D. Stronger Intellectual Property protection through TRIPS-Plus Trade Agreements and FTAs
As previously stated, developed nations, such as the United States, are in favor or stronger intellectual property rights. Whereas, developing nations, such as South Africa, are in favor of weaker intellectual property rights. This is due to the fact that developed nations profit from the exportation of patents and intellectual property. Although the TRIPS agreement sets a minimum standard of global intellectual property rights, countries are free to negotiate for stronger intellectual property protection.  These agreements are called “TRIPS-Plus.”  Some of the most popular agreements under TRIPS-plus include terms that extend patent protection beyond the maximum twenty year term, the restriction of compulsory licensing and allowing the patent holder to stop parallel importation. 
Developing nations are in favor of foreign trade agreements (FTAs) because of the increase of investment by pharmaceutical companies and the greater market access to drugs.  Additionally, there is a common rationale used to support protection of international patents in developing nations is that strong patent protection will increase foreign investments by large pharmaceutical companies.  Moreover, there is statistic evidence that shows companies cancelling investments in poor, developing nations that have weak intellectual property protection.  On the other hand, the United Nations has conducted studies that show there is still large foreign investment in countries with weak intellectual property protection.

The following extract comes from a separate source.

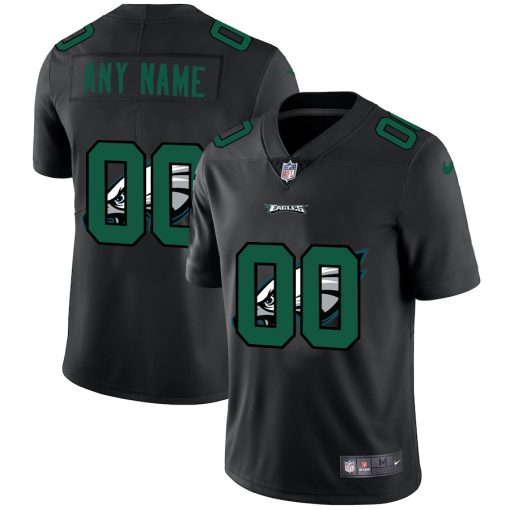 Custom Philadelphia Eagles Team Logo Dual Overlap Limited Football Jersey Black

TRIPS-PLUS and FTAs have created more protection for patented pharmaceuticals, such as extending patent protection life.  TRIPs-PLUS has also strengthened patent rights by restricting otherwise allowing compulsory licensing and parallel importation.  In conclusion, by signing FTAs and TRIPs-PLUS agreements developing countries allow for trade expansion, which allows extra money for research and development for pharmaceutical companies and provide stronger international intellectual property rights. 
 Peter Drahos, Expanding Intellectual Property’s Empire: The Role of FTAs 16 Chi. J. Int’L. 23 (2003)
 David Hindman, The Effect of Intellectual Property Regimes on Foreign Investments in Developing Economies, 23 Ariz. J. Int’l & Comp. L. 467 (2006).